In the summer of 2009 I revisited my 2004 summer apprenticeship at Object Mentor. What follows is the original 2004 post and then some 2009 commentary.
Good news! With Jet Brains’ ‘Resharper’ plug-in installed, Visual Studio is way more fun. Not as cool as IntelliJ, but it’s getting there. As you might have guessed, the TDD and Refactoring class is being taught in C#. The first day was weird for me: I realized that a few months ago I would have been way overwhelmed but now I was following along with ease. I wasn’t some sort of huge revelation, it’s just that while James was writing a bunch of UML on the board I not only didn’t have that sinking feeling UML used to inspire but I knew what pattern he was going for before he finished. Cool. The course is shaping up like this: Basic refactoring and Unit tests today, tomorrow should be test-first programming with refactoring (always with refactoring), and I suspect we will get into FitNesse late tomorrow or Friday.
A few minutes ago I finished up my TDD re-write of Tic Tac Toe and I’m including a zipped version of the source code here (tests are included, of course) [Future Jake note: the files can be found on Github at http://github.com/jscruggs/tic-tac-toe/tree/master in the third_pass_tdd directory]. Feel free to open it up, run the tests, and give me some feedback. It’s a text-based game so don’t expect a gui or anything fancy. I use a minimax algorithm to make the computer choose the best move. If you want to know more about my history with the Tic Tac Toe program, you should look at my may 2004 post.
How do I feel about writing TTT test-first verses without-a-net? I gotta say that the tests make everything more sane. With TDD, I could focus on one problem at a time without having to be driven crazy by weird bugs and mountains of suspect code. During my first non-test version of minimax I had this bug where when I asked the computer to move it filled in all 9 of the spaces. I spent days staring at code before I realized that I was passing a reference to the board instead of a value (so the board got changed as the computer tried checked of the possible moves). Of course I didn’t find this bug until I had written enough code to make it run, so I was stuck looking at everything. When I wrote the minimax test-first, I focused on just the minimax method and the test. That’s it ‘ any problems had to be somewhere in those lines of code. Which made it lots easier.

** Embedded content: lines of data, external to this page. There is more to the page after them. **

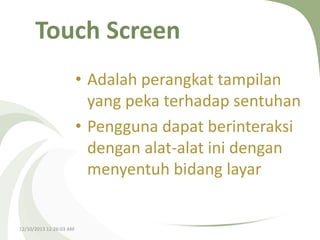 Touch Screen
• Adalah perangkat tampilan
yang peka terhadap sentuhan
• Pengguna dapat berinteraksi
dengan alat-alat ini dengan
menyentuh bidang layar

12/10/2013 12:26:03 AM

 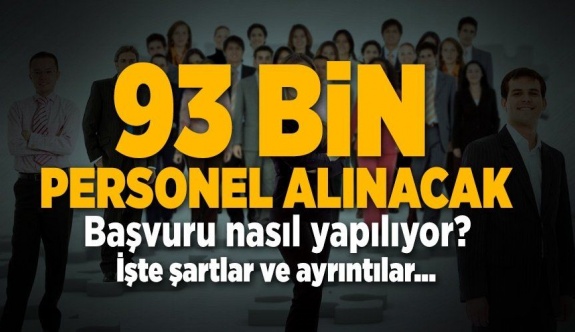 93 bin personel alınacak! İşte başvuru şartları ve açık olan sektörler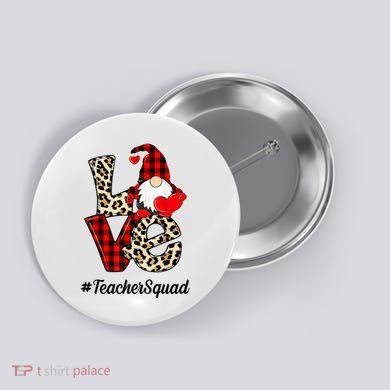 Love Gnome Teacher Squad Happy Valentine Day Button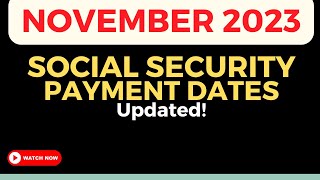 Get Ahead: Updated Social Security Payment Schedule for November 2023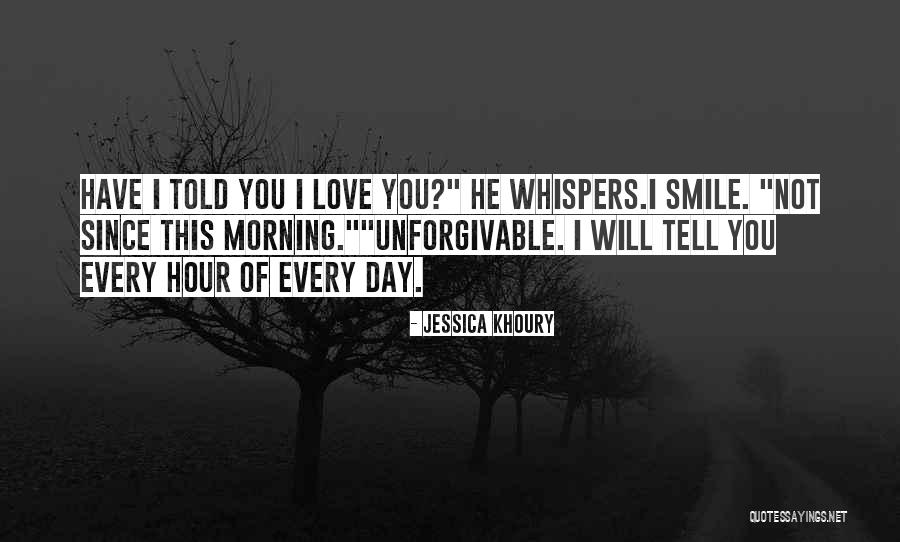 Unforgivable Love Quotes By Jessica Khoury Unforgivable Love Quotes By Jessica Khoury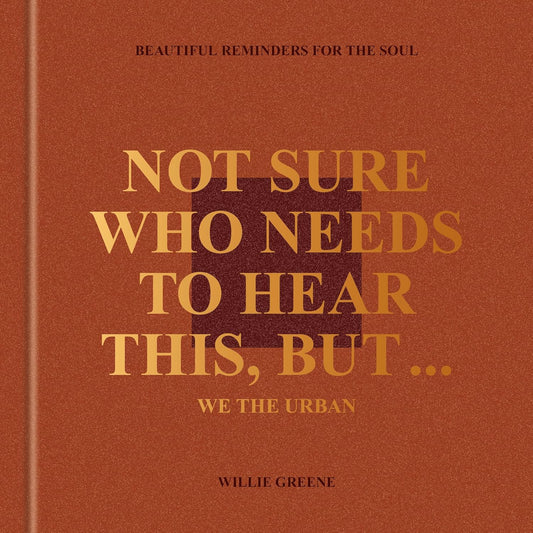 Not Sure Who Needs to Hear This, But….
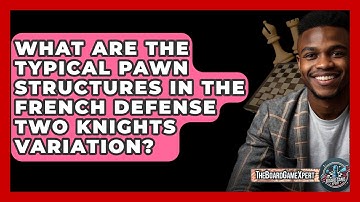 What Are The Typical Pawn Structures In The French Defense Two Knights Variation?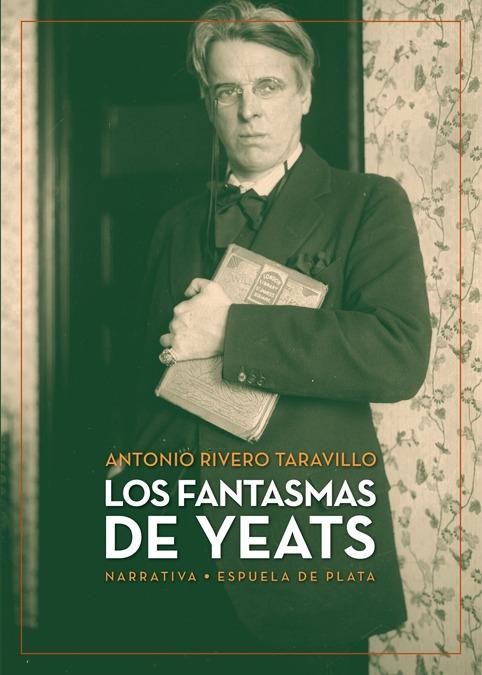 Los fantasmas de Yeats. 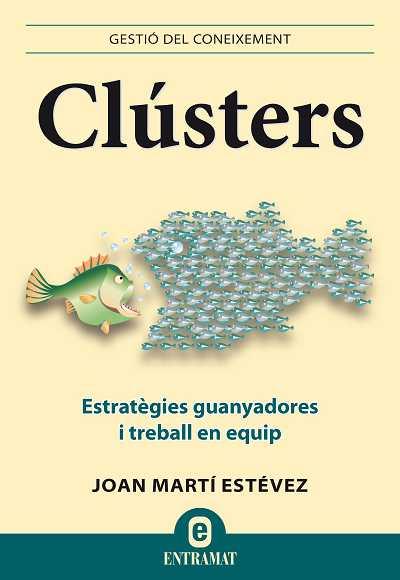 CLÚSTERS | 9788492920068 | MARTÍ ESTÉVEZ, JOAN | Llibreria Aqualata | Comprar llibres en català i castellà online | Comprar llibres Igualada
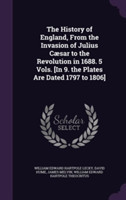 History of England, from the Invasion of Julius Caesar to the Revolution in 1688. 5 Vols. [In 9. the Plates Are Dated 1797 to 1806]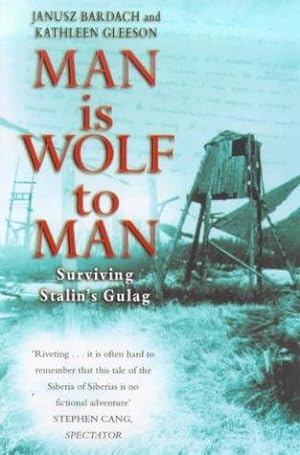 Image du vendeur pour Man is Wolf to Man mis en vente par WeBuyBooks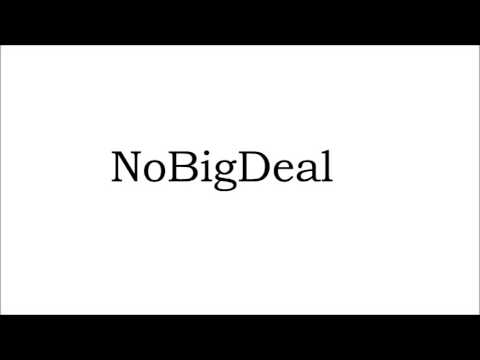 NoBigDeal   Better Tomorrow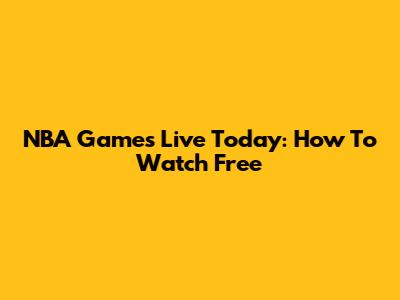 NBA Games Live Today: How To Watch Free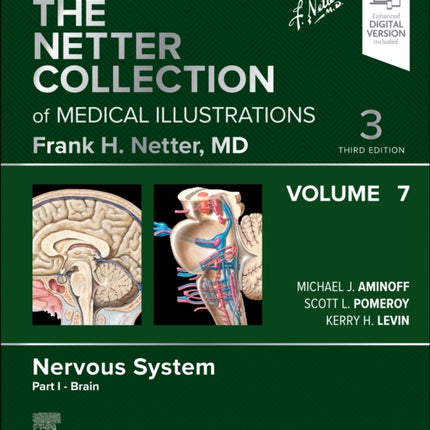 The Netter Collection of Medical Illustrations Nervous System Volume 7 Part I  Brain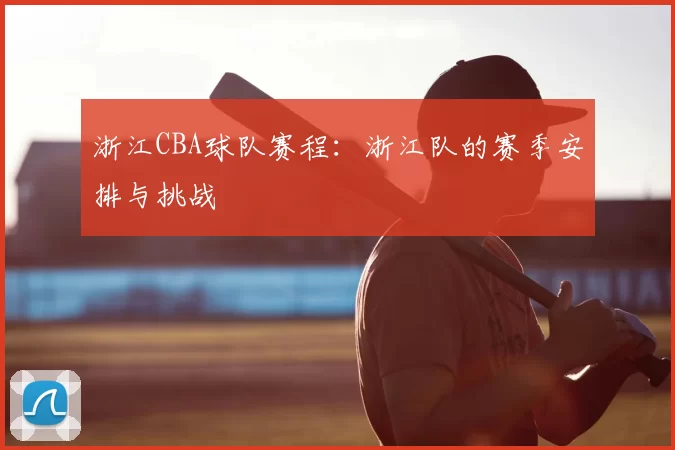 浙江CBA球队赛程：浙江队的赛季安排与挑战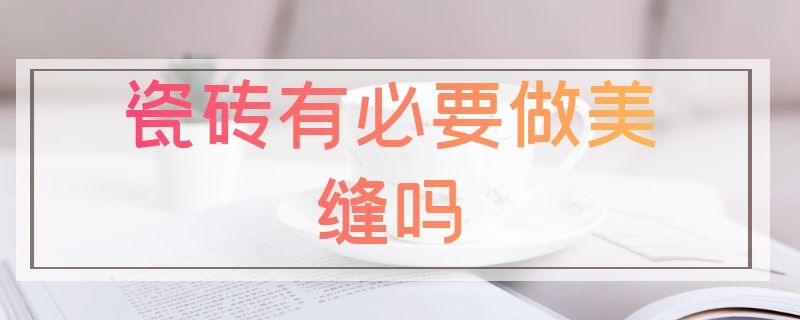 瓷砖有必要做美缝吗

Now you may object that having written TTT once, it was easier to write it a second time. Yes, but when I re-wrote TTT in Python, without tests, I still had tons of problems with bugs (see blog entries 6-14-04 through 6-17-04).
Once again I have posted my early bad code to github so you can see it in all its splendor. And that action gets at one of the reasons I’m re-visiting these posts: To point out that everyone came from somewhere. When I was getting started in teaching and programing I often made the mistake of lionizing those above me (without even thinking about it) instead of realizing that they were just people like me who hard worked hard to get better.